Because of this concern, we could also take baseline data (prior to treatment) to ensure that these groups were comparable. Let’s say the baseline averages were comparable but not identical; by chance, the treatment group had a slightly lower cholesterol level than the treatment group. We’d be concerned that our experiment would be biased in favor of the finding that the treatment lowered cholesterol (since the treatment group started with a better outcome). It’s that concern that motivates us to compare the change in cholesterol in the treatment group to the change in cholesterol in the control group. By studying the change in the outcome variable, we subtract off initial differences in levels that could potentially prove confounding in small samples. Thus, we focus on the improvement (or change) in the treatment group relative to the control group.

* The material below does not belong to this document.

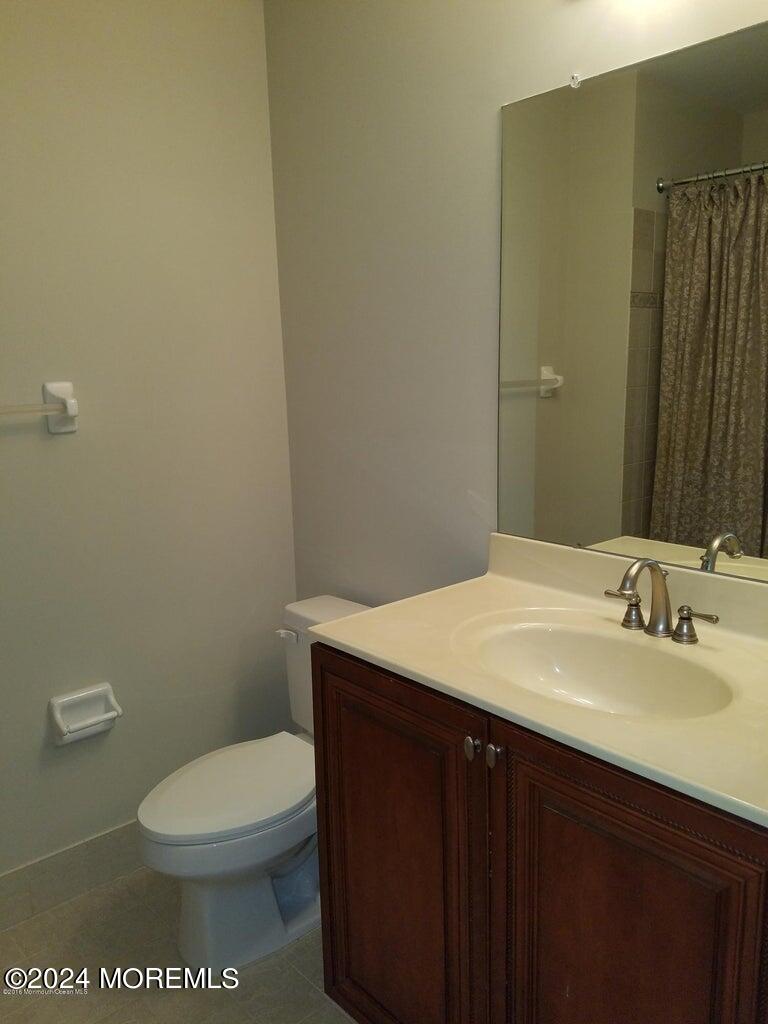 150 Brookfield Drive Jackson, NJ 08527 - Photo 25 of 41 a bathroom with a sink a toilet and mirror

Formally, let’s say that prior to treatment, we observe:

Yjb = αj

Ykb = αk

We would hope that αj ≃ αk, but this does not strictly have to be the case. Now, imagine that after treatment, we observe Yja = αj + δ + T, where T is the causal effect and δ is any effect of time. For example, cholesterol levels may tend to rise over time as people age. So, if we take the first difference for Yj , we get: ΔYj = Yja − Yjb = (αj − αj) + δj + T

This does not recover T. But it does remove the “level effect” αj. Similarly, ΔYk = (αk − αk) + δk. Differencing removes the level effect for group j. If we are willing to postulate that the time effect operates identically on the treatment and control groups, δj = δk = δ, then we have ΔYj − ΔYk = T + δ − δ = T.

So, the difference-in-difference estimator allows us to potentially recover the causal effect of treatment even when the treatment and control groups are not entirely identical and when there is a potentially confounding effect of time.